Socioeconomic considerations
3
Beyond clinical decision-making, access to neuraxial analgesia is heavily influenced by socioeconomic factors and systemic barriers. For individuals with a life expectancy beyond three to six months, intrathecal therapy has been associated with reduced healthcare utilization and costs [5]. However, for those with shorter prognoses, external tunneled peripheral or epidural catheters may offer a more pragmatic and less burdensome solution, prioritizing effective relief without the expense or technical demands of fully implanted systems and potentially allowing patients to spend more meaningful time at home with family.
Yet these choices do not occur in a vacuum. Reimbursement challenges and administrative complexity often delay or prevent timely access. Insurance approvals can be inconsistent and onerous, particularly for patients receiving care outside major academic institutions. Duarte et al. have documented that access to intrathecal pumps in England remains clustered in a handful of academic centers, leaving significant gaps for patients elsewhere [6]. Disparities in infrastructure, clinical expertise, and awareness, highlighted by Pérez et al. and Barnosky et al., further compound these access challenges, widening inequities in care [7,8].
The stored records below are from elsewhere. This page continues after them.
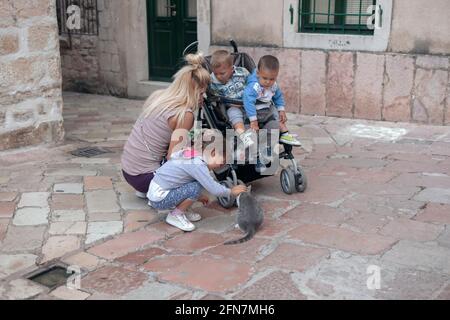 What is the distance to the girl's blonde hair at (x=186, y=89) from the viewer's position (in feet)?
14.3

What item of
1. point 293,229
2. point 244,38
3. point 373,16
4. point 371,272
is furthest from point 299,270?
point 244,38

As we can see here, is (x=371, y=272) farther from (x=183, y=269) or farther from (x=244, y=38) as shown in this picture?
(x=244, y=38)

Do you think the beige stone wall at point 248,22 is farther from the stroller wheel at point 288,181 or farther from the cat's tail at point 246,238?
the cat's tail at point 246,238

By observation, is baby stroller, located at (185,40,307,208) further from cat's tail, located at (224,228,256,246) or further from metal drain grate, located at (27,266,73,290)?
metal drain grate, located at (27,266,73,290)

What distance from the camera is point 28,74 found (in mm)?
6270

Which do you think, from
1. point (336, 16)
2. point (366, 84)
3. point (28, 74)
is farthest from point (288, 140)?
point (336, 16)

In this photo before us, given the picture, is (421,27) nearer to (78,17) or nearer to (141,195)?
(141,195)

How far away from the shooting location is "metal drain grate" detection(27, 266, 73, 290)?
359cm

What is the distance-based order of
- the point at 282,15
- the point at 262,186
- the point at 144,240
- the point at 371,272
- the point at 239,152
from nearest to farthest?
the point at 371,272 → the point at 144,240 → the point at 239,152 → the point at 262,186 → the point at 282,15

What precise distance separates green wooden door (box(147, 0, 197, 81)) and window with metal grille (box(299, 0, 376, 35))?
2200mm

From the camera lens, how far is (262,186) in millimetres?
5297

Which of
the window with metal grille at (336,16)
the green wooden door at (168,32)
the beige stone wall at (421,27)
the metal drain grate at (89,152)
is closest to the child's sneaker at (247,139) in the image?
the metal drain grate at (89,152)

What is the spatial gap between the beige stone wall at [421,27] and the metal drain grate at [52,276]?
5126 mm

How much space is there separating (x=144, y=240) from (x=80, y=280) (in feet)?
2.21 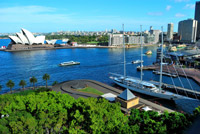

These considerations underscore that the question of offering neuraxial analgesia is never purely clinical. It is shaped by broader socioeconomic forces and the realities of how healthcare systems are structured and resourced in a given geographical location. Balancing these dimensions requires clinical judgment and thoughtful financial stewardship, as well as a commitment to equity, ensuring that relief from suffering is not contingent on geography, institutional affiliation, or administrative luck.
Conclusion
4
Neuraxial analgesia is not merely a technical intervention, it is a testament to our collective commitment to ease suffering at the end of life. As we navigate the uncertainties and complexities of each patient's final journey, we must ensure that these conversations and considerations are not hidden in the margins but brought to the forefront of compassionate, evidence-informed care. In doing so, we can honor the patient's values and goals, bridging the gap between what is clinically possible and what is practically achievable, always with the singular aim of reducing suffering in the most humane and dignified way possible.
Declaration of competing interest
The authors declare the following financial interests/personal relationships which may be considered as potential competing interests: Sanjeet Narang reports a relationship with AIS Healthcare that includes: consulting or advisory. Sanjeet Narang reports a relationship with Medtronic Inc that includes: consulting or advisory. R. Jason Yong reports a relationship with Medtronic Inc that includes: consulting or advisory. If there are other authors, they declare that they have no known competing financial interests or personal relationships that could have appeared to influence the work reported in this paper.